Beriki, görüntüleri yayımlayan organın menşeini sorguluyor, askere bu kadar
düşmanlık etmeyin diyor, bağırıyor, kükrüyor. TSK’nın açıklamasını da yayımla
kardeşim, senin başında olduğun kurumun tarafsızlığını gözet diyorlar.
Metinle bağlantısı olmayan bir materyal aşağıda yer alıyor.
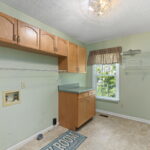 Laundry Room with build in shelving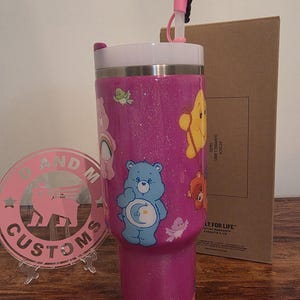 May include: A pink glitter tumbler featuring Care Bears characters. The tumbler has a white lid, a pink straw, and a clear plastic base. The design includes a blue bear with a crescent moon, a yellow bear, and other Care Bears characters.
İnsanların ölümünden, ailelerin yok oluşundan, bomba ile parçalanan bedenlerden
ve birlikteliğimizin dibine konulan dinamitten bahseden yok. Şehitlerimizin
aile hikâyelerini sayfa sayfa paylaşanların gıkı çıkmıyor bir aileye mensup 20
kişinin bomba ile parçalanmış olmasına. Sonra diyorlar ki BDP sahiplendi
cenazeler, üzerine sarı-kırmızı-yeşil koydular tabutların diyorlar. Sen
sahiplenmezsen, ben sahiplenmezsem kim alır o cenazeyi eline, fitne fesat
yapmak için fırsat kollayana bırakırsan kardeşinin cenazesini, kalkıp nasıl
sorgularsın kimin taşıdığını tabutları. Katır üzerinde gidiyor cenazeler, top
arabası ve çelenkle değil. Görmüyor musun halen coğrafyanın dayattığı yaşam
koşullarını diyorum içimden. Traktöre dolduruyorlar üst üste, her biri için
ayrı bir ambülans yok. Halen daha nereye bakıyor gözlerin, adı “Kürt” diye mi
görmüyorsun yere düşen kanı?
Şırnak’ta
ben de öldüm, insanlığımızın öldüğünü izlerken dayanamadı yüreğim. BDP’nin de,
cenazeleri alıp onları taşırken ayrılıkçı mesajlar verenin de provokasyonu galebe
çalmasın diye siz de ölmelisiniz Şırnak’ta. Terörle mücadele ederken böyle
hatalar olur demek yerine, ağıt yakabilsen kardeşinin cenazesine, bak işte
cenazeler üzerinden ayrılık tohumları ekiyorlar, TSK’ya saldırıyorlar
diyeceğine sarılsan kardeşlerinin ölü bedenlerine, işte o zaman belki yeni bir
gün doğacak umudu ile kucaklaşacağız biz bizimle. Kurumların da bireylerin de
hataları elbette olacak, nasıl ki şehit cenazelerinde birileri Türk-Kürt
ayrışması çıkarmak için elinden geleni yapıyorsa batıda, birileri de Şırnaklı
cenazeler üzerinden bu fitneyi deneyecek muhakkak. Basının da bu konuda duyarlı
olması, halk galeyana gelmesin diye görüntüleri vermemesi gerekiyorsa eğer bunu
Şırnak’taki cenazeler için değil, 13’te de 24’te de uygulaması lazım ki o zaman
cenazenin menşeine bakmadığını kabul edebilelim.
Şimdi
beni kurumumla değerlendirip tarafgir mi ilan edeceksiniz yoksa vatan haini,
TSK düşmanı ve bölücü mü diyeceksiniz. Zihinlerde bölünmüşlük yaşayanların
fiiliyatta attığı sloganlara pabuç bırakmıyorum. Sizin insanlığınız ne zaman
öldü bunu bir düşünün. Ne zaman ölünün adına soyadına bakmaksızın cenazesine
hürmet edebilirsiniz, işte o zaman yeniden hep birlikte bir gelecek tahayyül
edebiliriz. Eğer Şırnak’ta ölen 35 insanın cenazesine sahip çıkmak,
yurttaşlarımın yurdum silahı ve bombası ile öldürülmesine isyan etmek
tarafgirlik ve hainlikse ben bu yaftayı da başımla beraber kabul ederim.